Central and Eastern Europe has developed a strong automotive supply base over the past few decades and is now gearing up to support major trends such as electrification
In the decades since the end of the Cold War, Central and Eastern Europe (CEE) has been attracting automotive components suppliers by virtue of its cheap labour, low taxes and convenient geographical location. Now, the region is aiming to maintain or even build on its gains in the face of vehicle electrification, rising global competition and other challenges.
The automotive components industry of four key CEE countries, Poland, Slovakia, Hungary and the Czech Republic, comprises around 550 tier one suppliers, according to consulting agency CEAuto, which is based in the region. There are also between 100 and 150 tier one suppliers in Austria, according to government statistics.

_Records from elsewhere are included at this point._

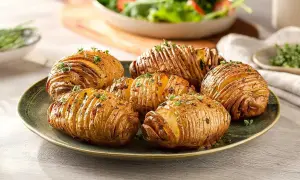 Perfekt krispiga hasselbackspotatis i airfryer, toppade med färska örter. Enkel och god tillbehör.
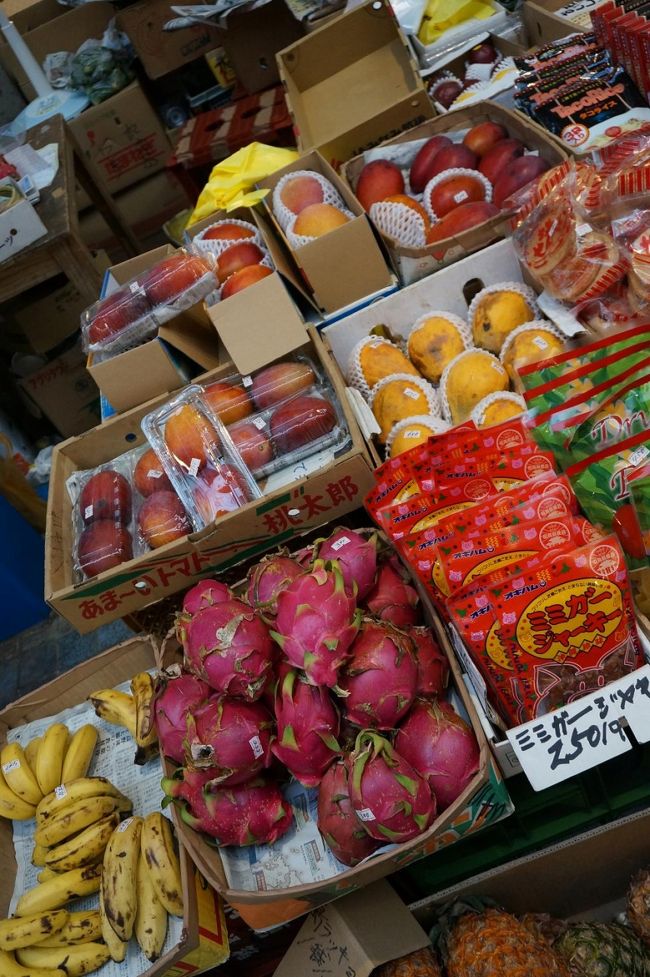 南国フルーツもたくさん♪<br />ただしこの日はまだお土産は買いませんｗ<br />ごめんなさい！！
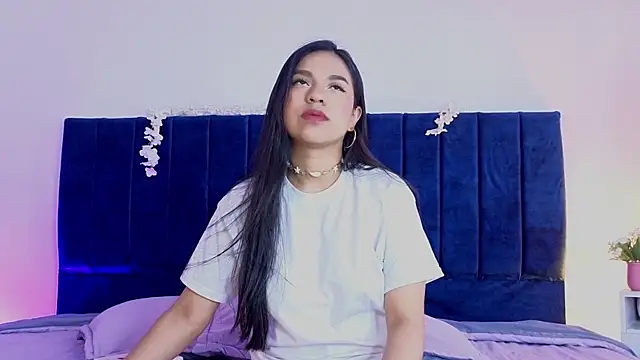 DulceRouss  online show from 04-13-26, 12:21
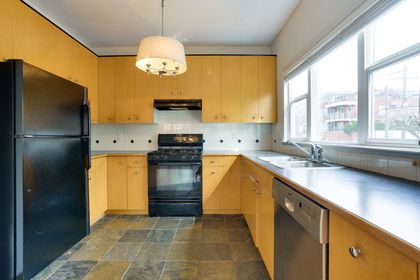 gopzjyvw at 2947 5th Avenue, Kitsilano, Vancouver West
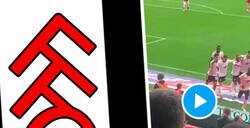 Enlace a Momento emotivo en la Championship. Jugadores del Fulham celebran gol con un fanático discapacitado.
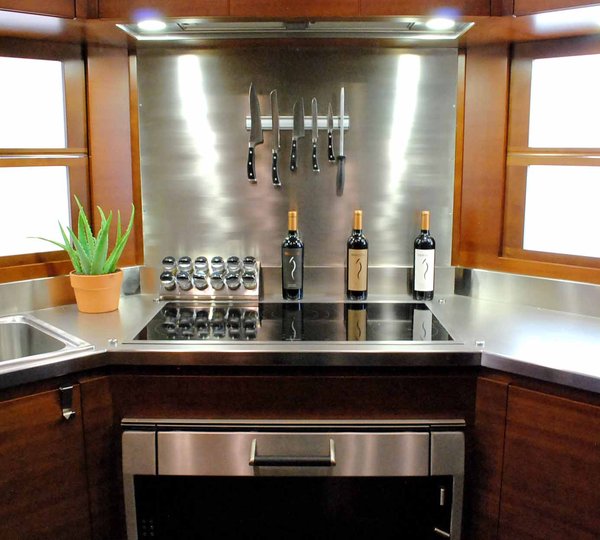 SOLO CONTIGO - Galley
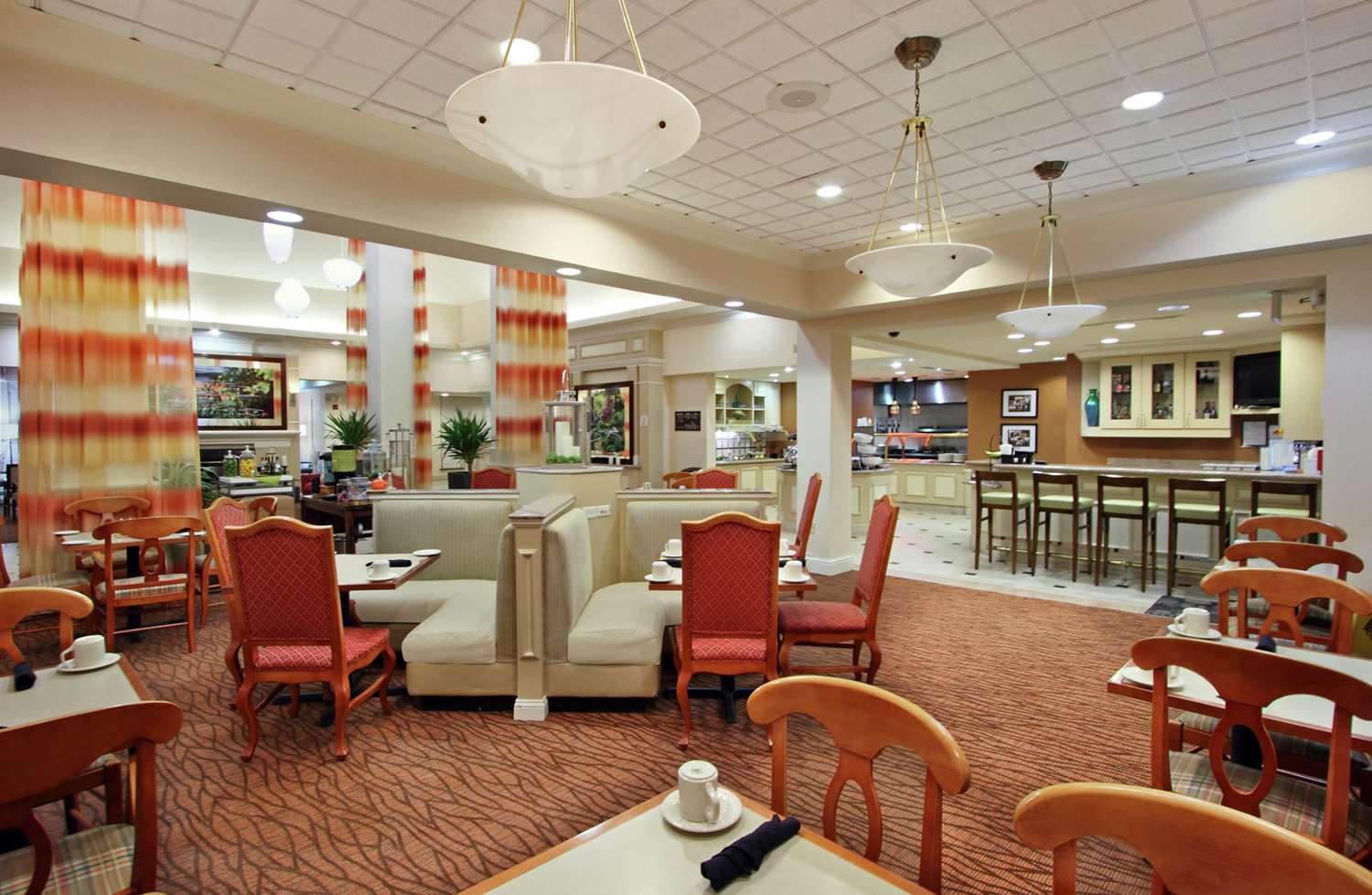 restaurant cafeteria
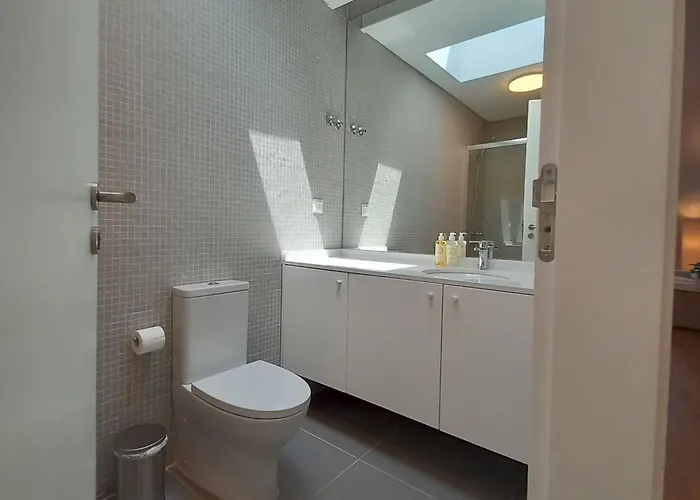 Rent4rest Castle View Family & Friends In Bairro Alto דירה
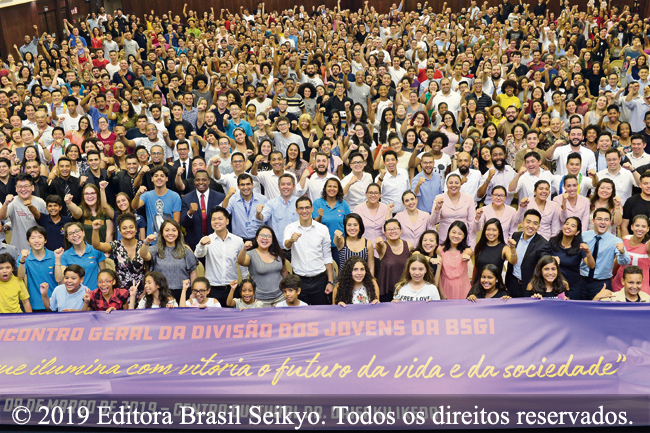 O bailar dos jovens de alegria e união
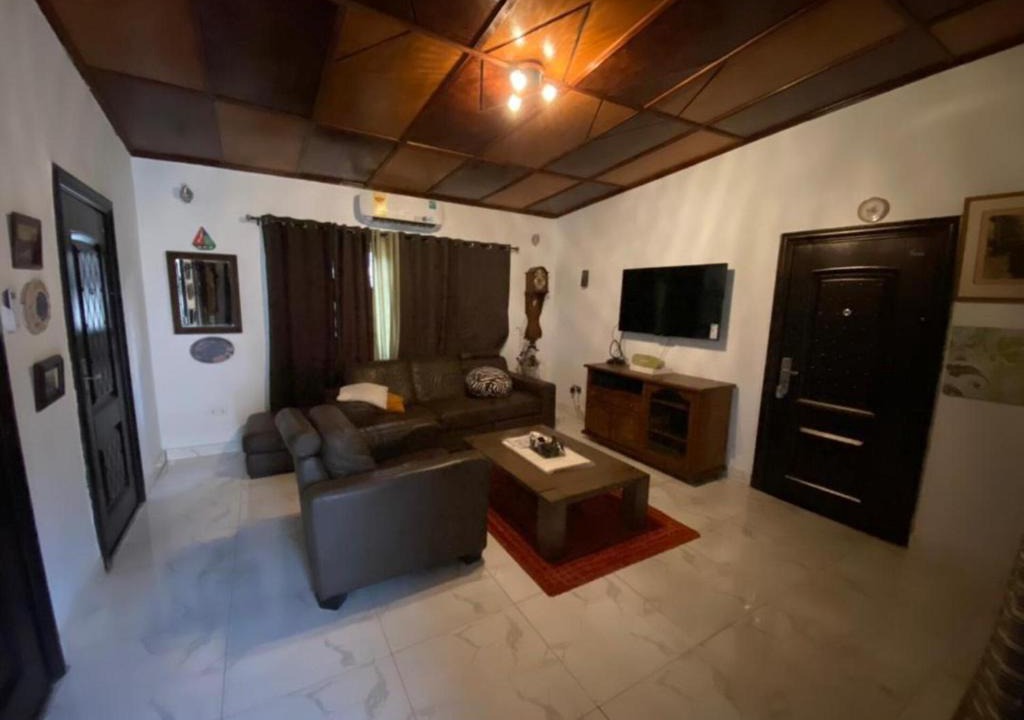Accra House | Stunning 2-Bed House in Madina Place to call home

CEAuto estimates that the number of tier one parts suppliers, both major international corporations and local companies, amounts to approximately 130 in Hungary, 120 in Slovakia and 150 in both the Czech Republic and Poland. “It is the largest industry in the Czech Republic and Slovakia, accounting for about 9% and 12% of GDP, respectively, while in both Hungary and Poland it accounts for 4% of GDP,” says Pál Négyesi, managing director of CEAuto.
”Over the past two decades, the supply base in Poland, including the environment around the Gliwice plant, has grown significantly and we are confident it will grow further” –Wojciech Osoś, Opel
In general, the industry in the CEE region is optimistic about the near future. For example, a study by PWC showed that 80% of automotive companies in Austria anticipated sales growth in the coming years. This was the verdict in spite of some serious threats, which these suppliers also acknowledged in their survey responses.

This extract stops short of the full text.